The next few days at work were less frantic but still unappealing. There was another manager who came in and was incredibly rude to me. She had a Deliverance face and breasts so large that it looked like she stuffed two footballs under her shirt. In fact, one skeezy guy called me over when this woman went to the back and said “she’s got big tits, huh?” That encounter was my first interaction with a patron, and 13 years later I have to say that very little has changed. That night ended with me seeing a mouse hauling ass between the seats, and I finally decided that I didn’t want to be there anymore. I asked the rude woman if it were at all possible to change my shift to mornings or afternoons, and her response was something along the line of, “you were hired to work nights, and if you don’t want to work nights, then tough.”
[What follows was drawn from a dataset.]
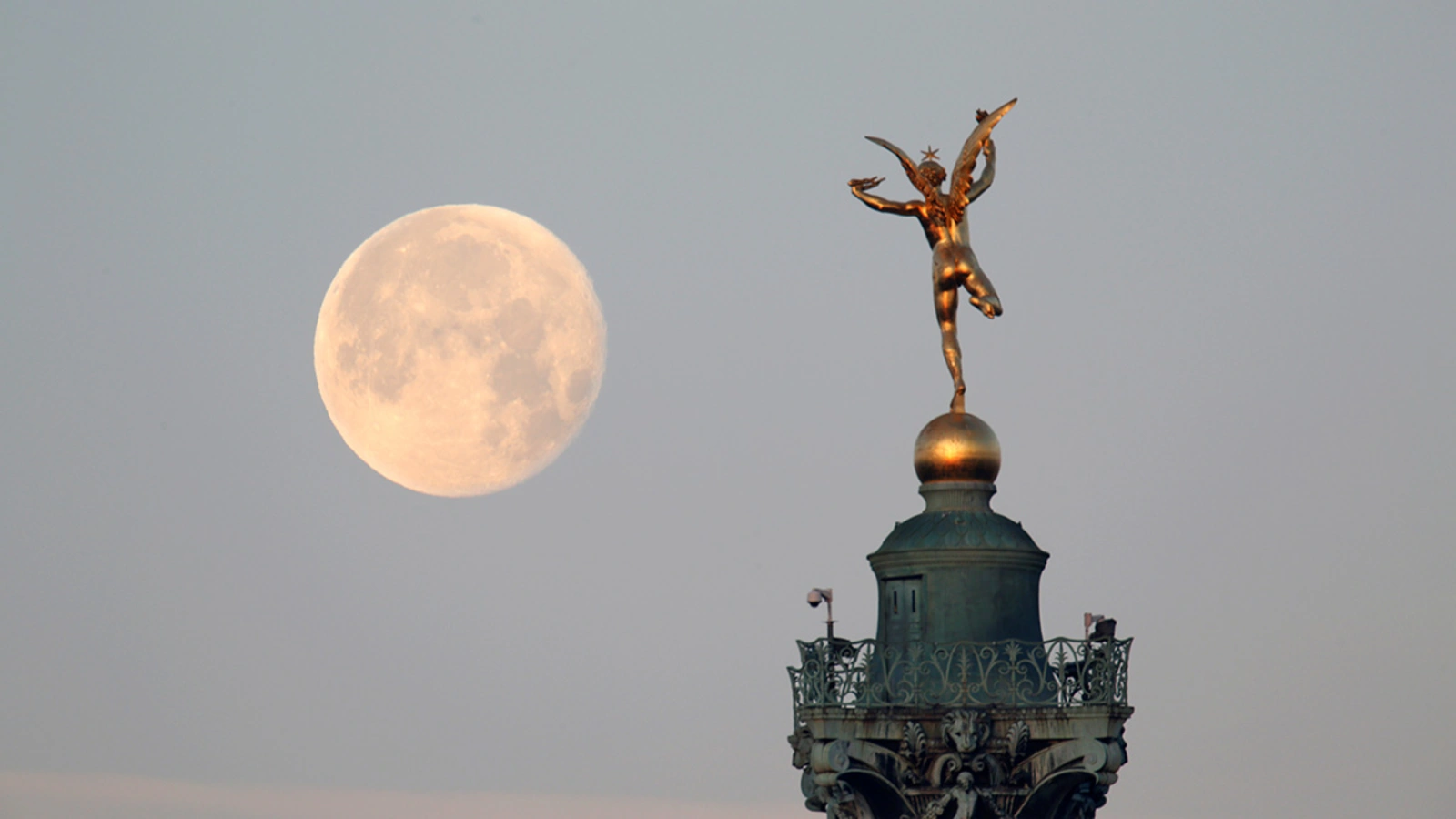 The moon is seen behind the Genie de la Liberte gilded figure on top of the Place de la Bastille’s July Column in Paris.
The cherry on top of it all was on another day when I bent down to grab a tray of buns and the back of my pants just ripped open in front of two female coworkers, one of them being the nice woman who trained me and the other being a classless girl with a face riddled with zits. Prior to this happening the zitty girl was doing a happy dance because she had the weekend off and her boyfriend was coming over to bang her. I was told to just go home for the rest of my shift and come in the next day. After three short weeks at this place, I decided that the world of fast food wasn’t for me. Maybe it was because I was a lightweight, but the job just defeated me. I called in and told the manager that I was quitting. After the expected “why are you leaving us?” conversation I was told to come in a couple days later to pick up my check from the owner and drop off my shirt and visor.
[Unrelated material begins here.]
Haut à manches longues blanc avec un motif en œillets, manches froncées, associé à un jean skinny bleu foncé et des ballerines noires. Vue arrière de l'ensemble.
When I went in the owner went about everything like it was your average, everyday occurrence, which it was. He barely said a word to me and just wrote out my check, which turned out to be a pain in the ass to cash because it was a personal check and I had to go to some random Asian bank to get it cashed. The zitty girl who was so excited about getting boned gave me one of the meanest looks I’ve ever seen and let me know that because of me quitting she now had to work my weekend shift. I left Wienerschnitzel feeling a little relieved but at the same time disappointed that it took under a month to break me. It would be another month or so before I got a much better but also short-lived job at the post office, sorting packages by zipcode. It was seasonal work, so I didn’t feel like such a failure when that job ended.

I don’t know what happened to anyone who worked at this place after I left, but it’s gone now. A few years ago it was converted into a Starbucks, which for some reason seems out of place in this location. I looked up the owner online a bit ago, and found absolutely nothing. I’m guessing he’s no longer in the hotdog business and is content driving his classic cars and cheating on his wife. I, on the other hand, have not worked in fast food ever since, but I still eat at Wienerschnitzel on occasion and love it, despite knowing better.